- [THE TASK]
Below are records; the lines starting at the one with "Bún chả Tình Mai" and ending at the one with "Raspberry Yogurt Soju Sparkler" must be reproduced exactly, both included. Pictures must not appear.

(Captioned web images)
--*--
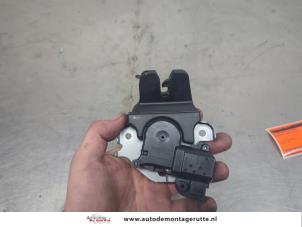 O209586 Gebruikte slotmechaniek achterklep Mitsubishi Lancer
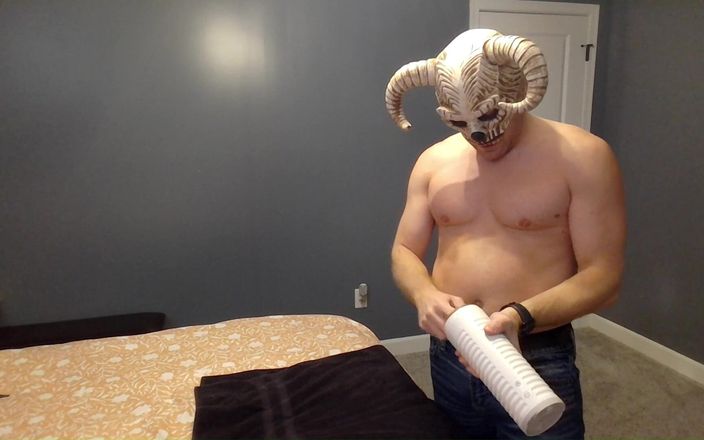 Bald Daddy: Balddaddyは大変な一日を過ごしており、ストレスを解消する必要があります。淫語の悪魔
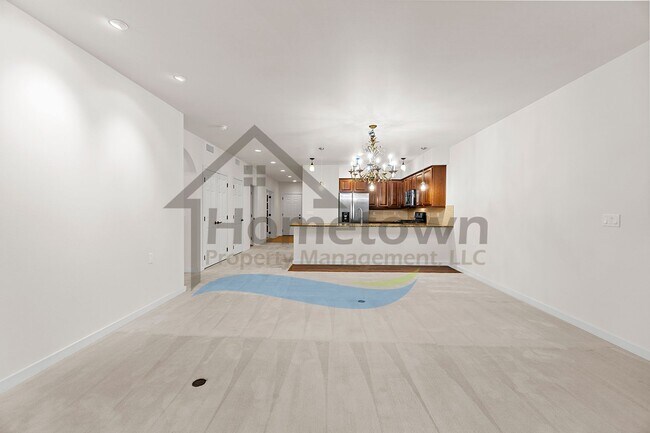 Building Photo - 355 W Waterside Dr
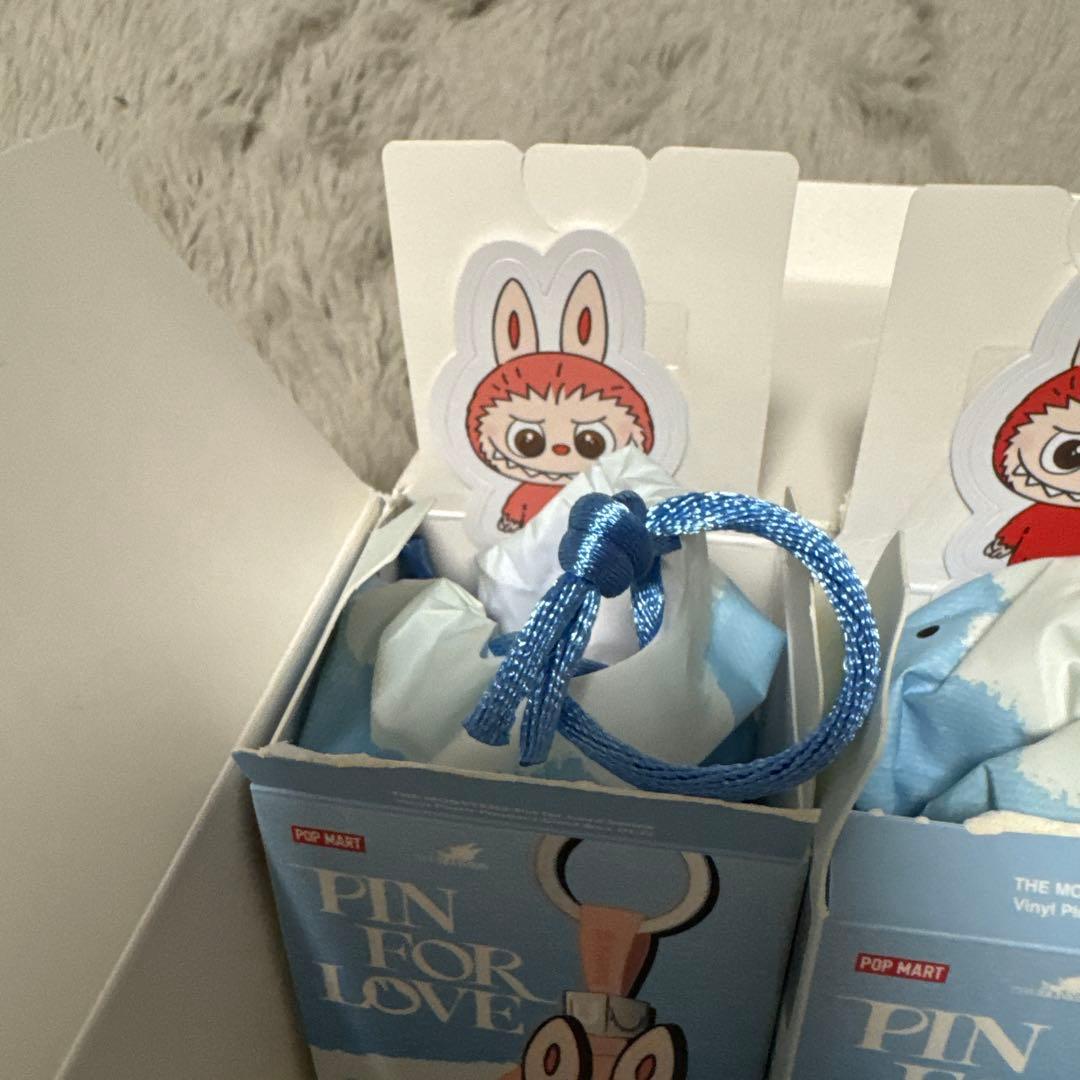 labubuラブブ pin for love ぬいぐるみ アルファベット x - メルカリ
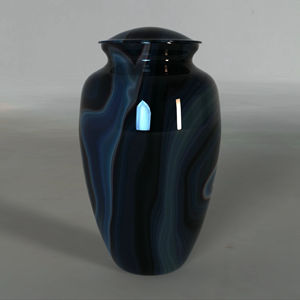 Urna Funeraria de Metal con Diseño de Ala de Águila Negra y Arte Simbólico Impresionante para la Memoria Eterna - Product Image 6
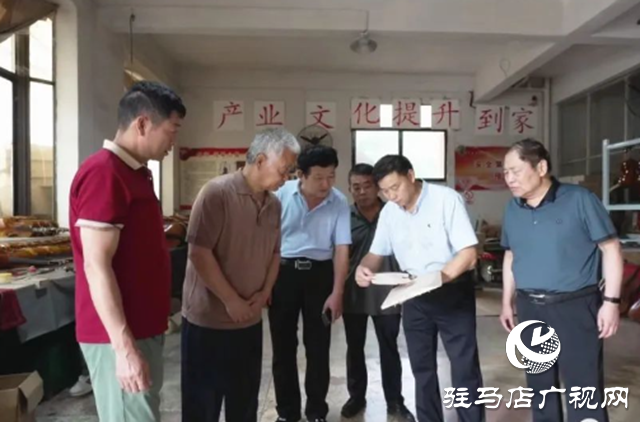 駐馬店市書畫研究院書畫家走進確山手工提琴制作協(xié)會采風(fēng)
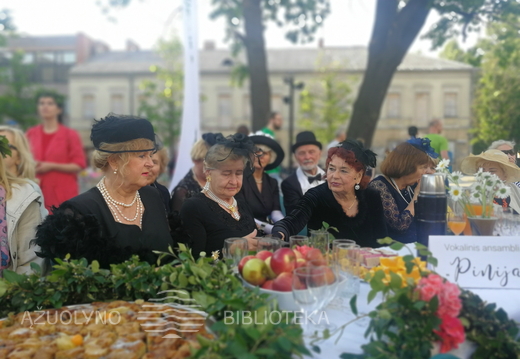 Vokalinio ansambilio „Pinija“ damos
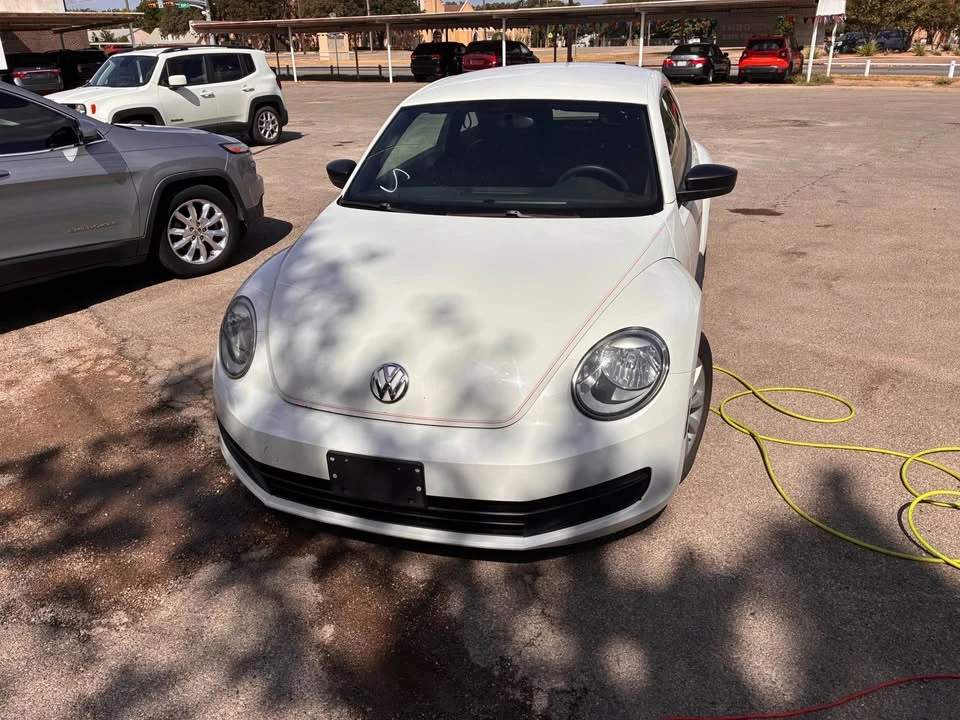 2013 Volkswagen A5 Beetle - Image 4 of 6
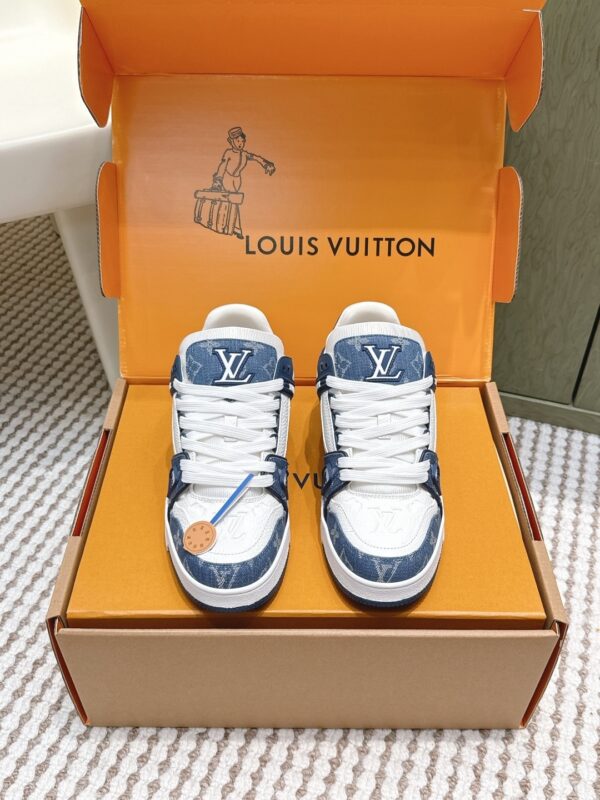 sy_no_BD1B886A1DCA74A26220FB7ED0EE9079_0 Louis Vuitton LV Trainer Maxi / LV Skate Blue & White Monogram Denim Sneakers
--*--
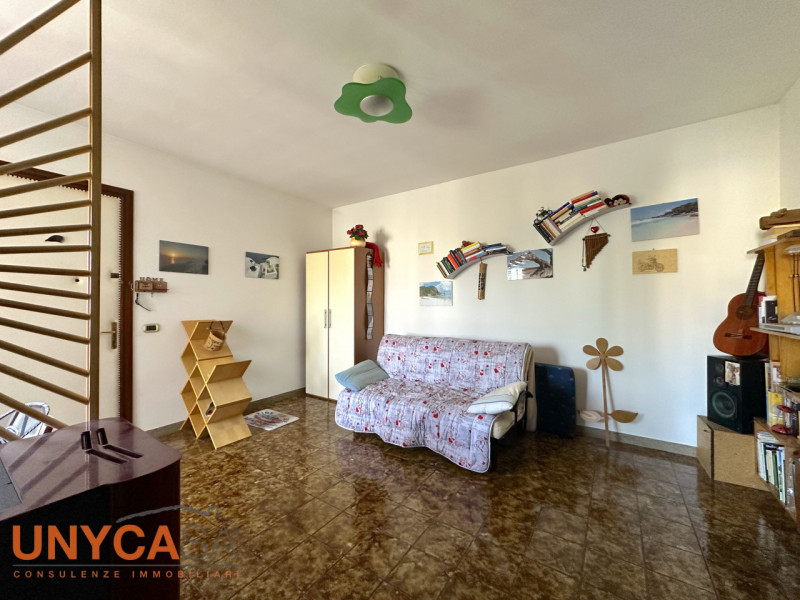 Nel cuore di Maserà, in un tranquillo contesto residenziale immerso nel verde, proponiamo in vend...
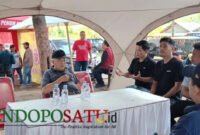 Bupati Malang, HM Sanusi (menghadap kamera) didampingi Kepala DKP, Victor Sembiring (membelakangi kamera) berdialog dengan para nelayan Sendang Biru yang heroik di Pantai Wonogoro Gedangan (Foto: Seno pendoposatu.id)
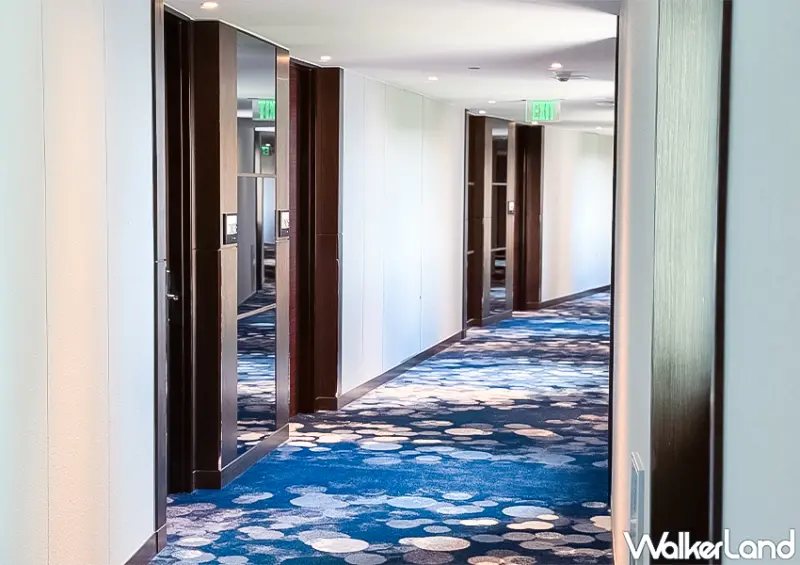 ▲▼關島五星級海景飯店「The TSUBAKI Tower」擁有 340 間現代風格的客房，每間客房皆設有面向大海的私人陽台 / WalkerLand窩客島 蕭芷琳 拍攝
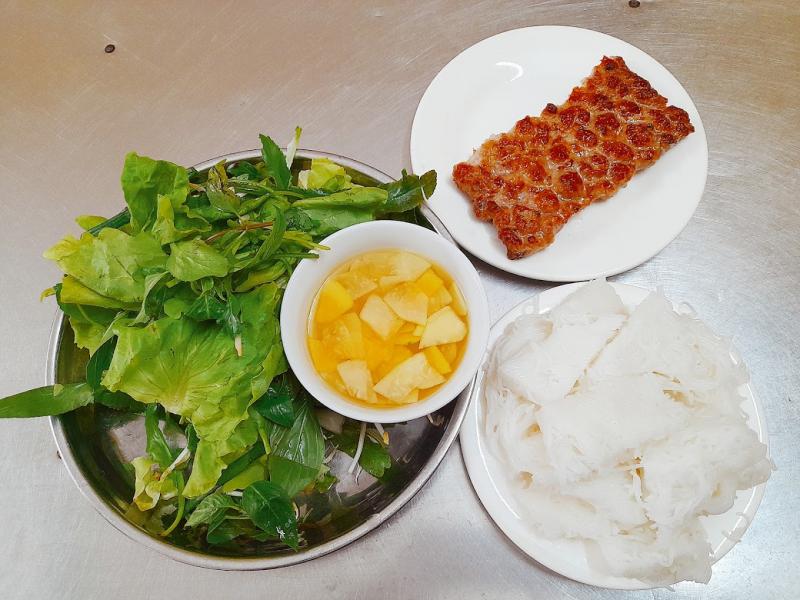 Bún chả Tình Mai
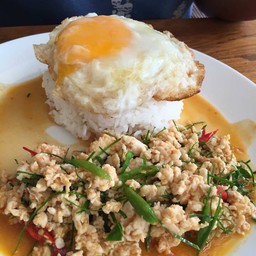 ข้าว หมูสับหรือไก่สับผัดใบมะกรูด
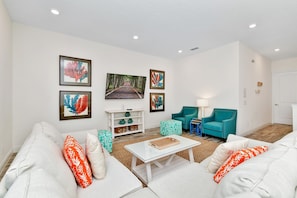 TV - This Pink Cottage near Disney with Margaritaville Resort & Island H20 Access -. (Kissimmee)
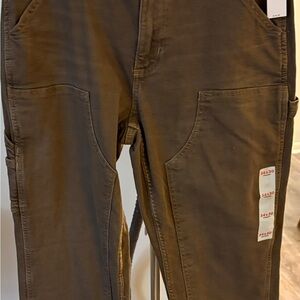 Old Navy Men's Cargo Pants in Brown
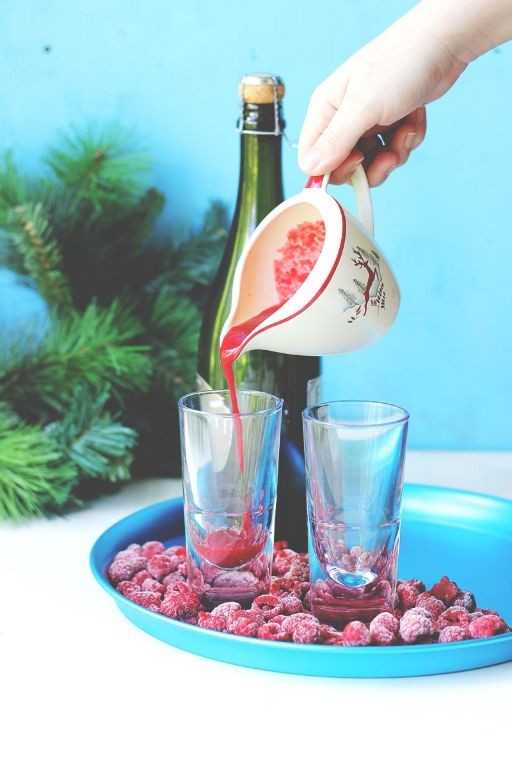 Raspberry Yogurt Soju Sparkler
--*--
- [RESULT OF THE EXERCISE]
 Bún chả Tình Mai
 ข้าว หมูสับหรือไก่สับผัดใบมะกรูด
 TV - This Pink Cottage near Disney with Margaritaville Resort & Island H20 Access -. (Kissimmee)
 Old Navy Men's Cargo Pants in Brown
 Raspberry Yogurt Soju Sparkler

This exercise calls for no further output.